A few months ago I was asked to contribute to a book with the same title as this feature; ‘Does God LOL?’ Or, if you're not user of social media terminology: ‘Does God Laugh Out Loud?’
The book is the brainchild of Frankie Mulgrew (son of comedian Jimmy Cricket) and is a compilation of funny pieces from a variety of comedy greats such as Ken Dodd, Frank Carson, Milton Jones and Tim Vine, and sold in aid of the Mary’s Meals charity.
My input was via my comic creation Derek the Cleric (and not in my real persona, Andy Robb) and it set me to thinking as to where humour sits within God’s diverse creativity.
Humour (particularly aimed at an adult audience) sometimes has a habit of gravitating towards the lewd or the crude; whilst our goal as Christians should be to major on ‘whatever is true, whatever is noble, whatever is right, whatever is pure, whatever is lovely, whatever is admirable — if anything is excellent or praiseworthy’ (Philippians 4:8). So I’ve been pondering what that actually looks like in practice.
I’m not convinced that attempting to redeem (or ‘Christianise) something that we might consider corrupted (such as humour) is perhaps our best call. My starting point would be from the premise that God created the entire universe and signed it off with the statement, ‘God saw all that he had made, and it was very good’.

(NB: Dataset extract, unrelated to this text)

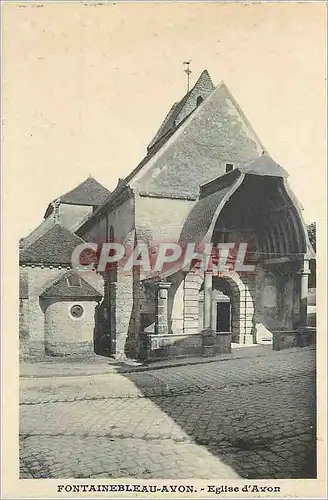 Ansichtskarte AK Fontainebleau Avon Eglise d'Avon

Of course, we’re aware that it didn’t take long for God’s perfect creative output to be corrupted by sin, yet it remains true that creativity of every kind can track back to God as its source - including things that make us laugh.

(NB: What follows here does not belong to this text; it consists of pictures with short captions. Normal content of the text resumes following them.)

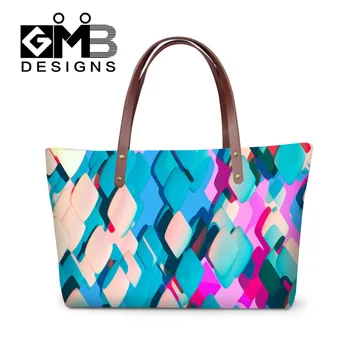 

Fashion Women's Handbags Colorful Pattern Messenger Bag Ladies Casual Large Shoulder Beach Bag Handbag Big Style Top-Handle Bag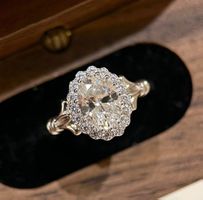 Bague Éclat Royal – Moissanite 2 carats & Argent 925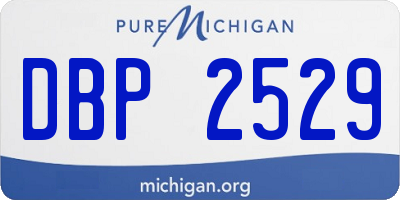 MI license plate DBP2529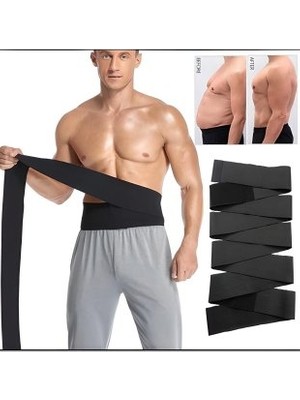 Sh Mağazacılık Bele Dolamalı Kum Saati 3m Sarma Unisex Bel Vücut Korsesi Tummy Wrap Waist Inceltici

The Bible clearly tells us that we are to be the head and not the tail and I’d like to make the case for us following in the footsteps of our Creator and also being creative initiators with regard to humour, and not simply reactors. Some might consider focussing on this aspect of God’s creativity as trivial; but I don’t believe that God would generate such a powerful mechanism for bringing life to our emotions if he did not consider it of value.
I think we can sometimes get so caught up with our passion for telling the world that Jesus came to bring life in all its fullness, that we can forget to actually indulge ourselves in this abundant life we speak of.
Maybe I’m somewhat biased because humour is a key component in my books but I’m convinced that God wants Christians to set the standard and not trail behind the trends.
Rather than attempt to sanitise what we might consider unsavoury comedy, how about going to the source of all laughter (God) and asking the Holy Spirit for material that will surpass what the world has to offer?
Does God LOL? Absolutely! Having scoured the Bible for unusual fodder for my 50 Bible Stories kids books I’ve come across no shortage of stories to bring a smile to my face: A donkey who gets to be God’s mouthpiece, David interrupting King Saul as he’s spending a penny, a dead guy coming back to life when he’s hastily hurled on to a Elisha’s remains and, oh yes, the Blobfish.